Santa Maria Madalena lavando os pés de Jesus |
Mas hoje muitos se aproximam da confissão parecendo não possuir nenhuma ou a mínima contrição. Aqueles que desejam verdadeiramente se reconciliar com Deus, e viver de maneira justa, para morrer adequadamente, devem entrar no interior de seu coração e fechar a porta para todas as distrações, e, então, falar para si mesmos: "Veja o que fiz, que miserável homem sou cometendo tal pecado! Eu ofendi meu generoso Pai, que me deu todas as coisas, que me amou tanto, que me cobriu de benefícios de todas as maneiras, e tantas provas de amor que tenho visto, na minha vida e de outros irmãos. Mas o que devo dizer a meu Salvador, que me amou até mesmo quando seu inimigo o atacou, e se entregou por mim como oblação e sacrifício a Deus, como um odor de bondade; e eu sou tão ingrato que ainda O ofendi! Meu Deus foi agredido, coroado com espinhos e pregado na cruz, para que possa aplicar um remédio aos meus pecados e ofensas, e eu ainda não cesso de acrescentar pecado sobre pecado!". "Ele, pregado nu na cruz, exclamou que estava sedento pela minha salvação e eu ainda o ofendo com vinagre e o fel mais amargo! Quem poderá me explicar quão alta glória eu cai quando cometi tal e tal pecado? E era herdeiro de um reino eterno, uma vida de eterna alegria; mas desta grande alegria, a maior possível, eu infelizmente cai, por um pequeno e passageiro prazer, por palavras ofensivas, por uma linguagem blasfema perante Deus, que não me fazem qualquer bem. E para que estado estou, perdendo toda alegria!
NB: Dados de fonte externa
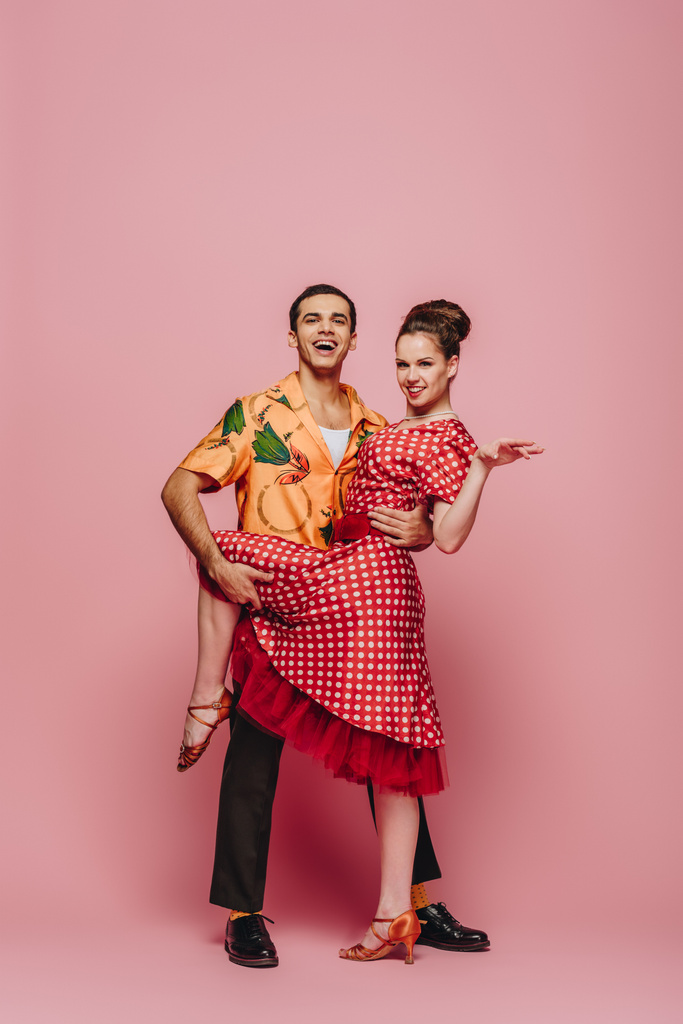 uśmiechnięty tancerz przytulanie partnera podczas tańca boogie-woogie na różowym tle - Zdjęcie, obraz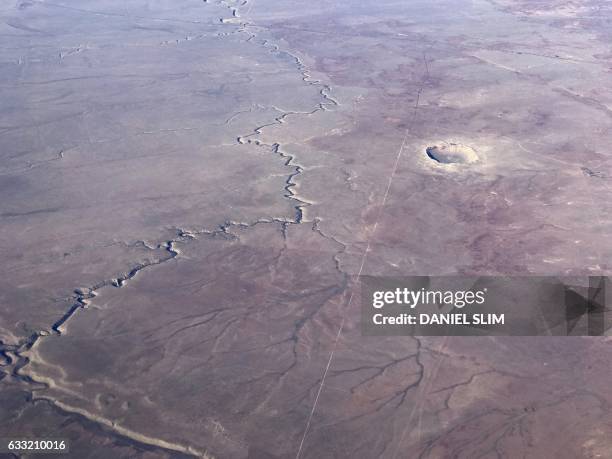 The Meteor Crater near Winslow, Arizona, is seen from a plane Januray 30, 2017. The nearby Meteor Crater, sometimes known as the Barringer Crater and...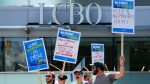 Workers for Ontario's main liquor retailer will hold a rally in downtown Toronto today, marking the second day of their historic strike. Liquor Control Board of Ontario (LCBO) employees picket  in front of a close LCBO store in downtown Ottawa on Friday, July 5, 2024. THE CANADIAN PRESS/Sean Kilpatrick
Vivo como cativo do demônio, meu mais cruel inimigo; e tão logo a carcaça pútrida do meu corpo se dissolver, o que pode ocorrer a qualquer momento; então, instantaneamente e sem nenhuma salvação, eu descerei ao Inferno! Ah, quão miserável sou! Talvez neste dia, nesta verdadeira noite, eu comece a queimar nas chamas eternas! E, frente a todas estas considerações, a ingratitude do mais perverso servo aumente contra o mais amável Pai e Senhor; por mais benefícios Ele me cobriu, por muito mais O ofendi com meus pecados.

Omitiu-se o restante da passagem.